One who fails an alcohol sobriety test is “legally” drunk. One who fails a marijuana sobriety test may, or may not, be deemed legally high. These are the reasons:
• Actual impairment is harder to measure for one driving under the influence of marijuana than for one driving under the influence of alcohol.
• Actual impairment from marijuana can vary depending on whether one smoked it or ate it.
• Regular marijuana users can remain impaired for weeks, even after they last used it.
Thus, the legal question for one who drives after having used marijuana becomes this: Since there is no sobriety test that can objectively take into account all of these factors, should the law for a DUI conviction for driving under the influence of marijuana be required to take into account all these factors in every case of one who is driving and high; or, should driving under the influence of marijuana be “legally” —definitively —defined, the same as for driving under the influence of alcohol?
No doubt, some advocates for legalization of recreational marijuana use will argue for the flexible definition. It is only fair, they will say. We say: Tell that to the families of the dead victims of the drivers who were high. The flexible definition presumes that the use of recreational marijuana is a fundamental civil right whose suspension, repeal or objective legal definition would somehow undermine the constitution and common sense.
Is it too much to ask of those who use marijuana recreationally that they never drive while high, whatever their individual tolerance for marijuana might be? We don’t think so.
The legalization of recreational marijuana was done without knowledge of all of its ramifications. Because voters were assured that the legalization of marijuana was, in fact, a mere extension of the same right to weed as citizens already had to alcohol, then the two substances should, in fact, be treated the same in law. Given the proven danger to human life that driving under the influence of marijuana usually poses, it should be defined with the same objectivity as driving under the influence of alcohol, the differences in the sobriety tests for the two substances notwithstanding. Voters did not knowingly vote to legalize recreational marijuana with full, or even partial, knowledge of its implications for driving under the influence. It’s a bit cheeky to get the law passed, then come in after the fact and ask for every legal flexibility for those who drive while high, given that the legalization of recreational marijuana did not even raise, let alone settle, its DUIramifications.
Either we have a single standard for a DUI, whether the “i” connotes alcohol or marijuana, or we have a double standard.

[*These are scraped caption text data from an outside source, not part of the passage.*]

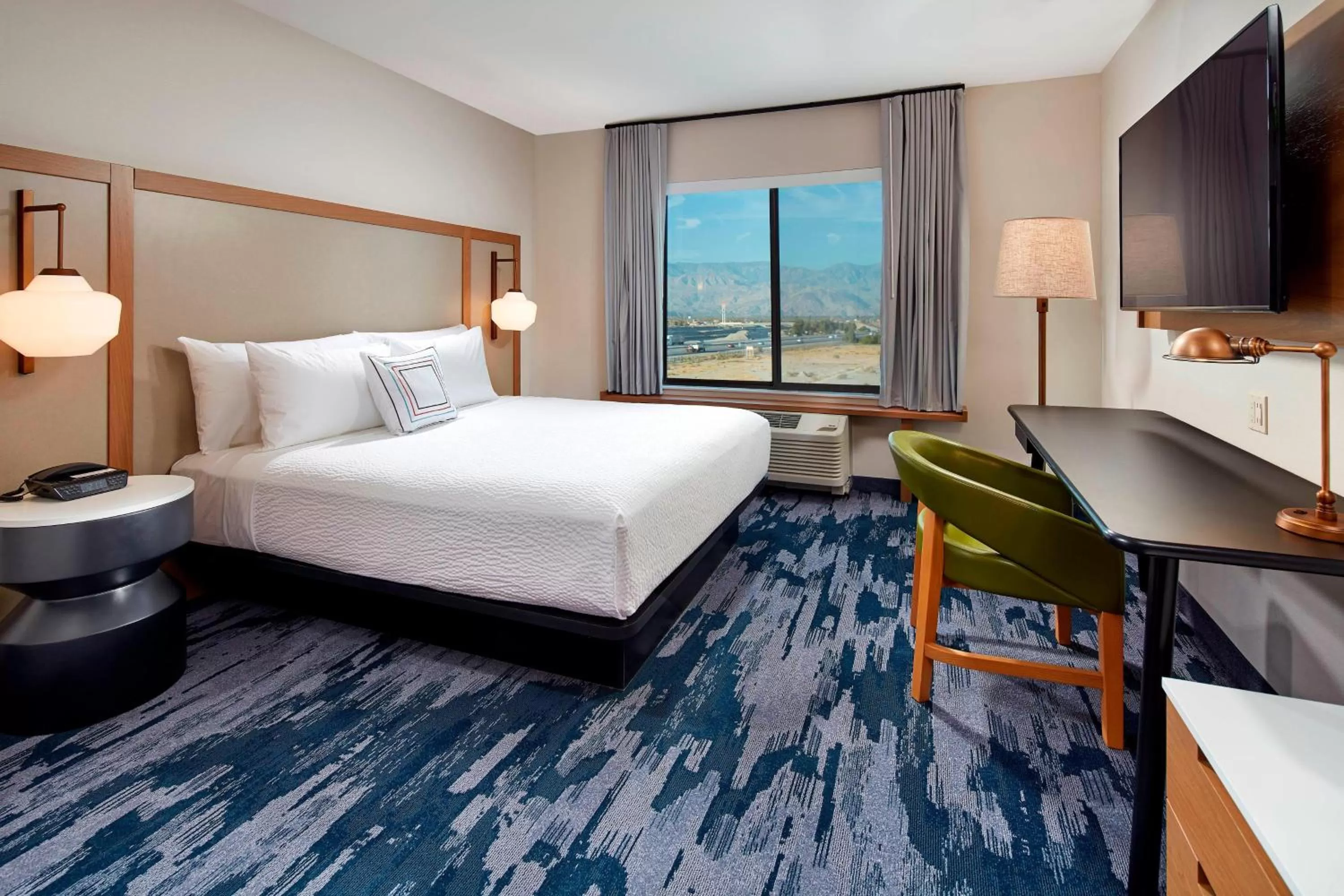 King Room - Hearing Accessible in Fairfield by Marriott Inn & Suites Indio Coachella Valley
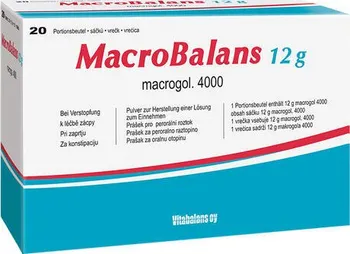 Přírodní produkt Vitabalans MacroBalans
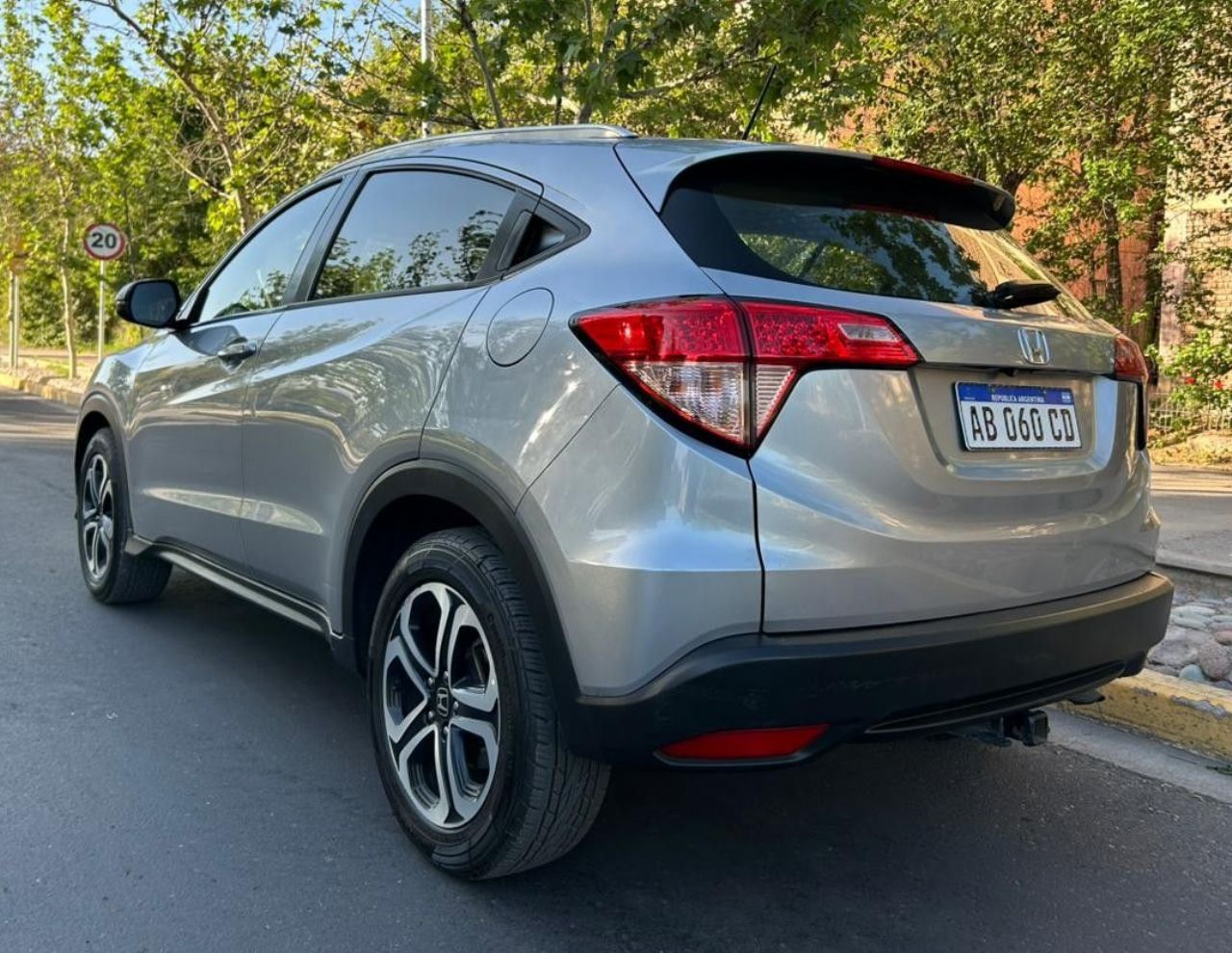 Honda HR-V Usado Financiado en Mendoza, deRuedas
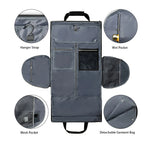 Duffle Bag Spacious Wear-Resistant Fabric Multiple Pockets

We opt for the single standard.
Or, is recreational marijuana use to be deemed so important that safety on the roads is compromised?
Lest this sound far-fetched, consider that police regularly spot people lighting up, then getting right into the driver’s seat. The law is flouted. A single standard under law for all DUIs — alcohol and marijuana — would serve as a deterrent to this behavior, which may not always be dangerous, but usually is.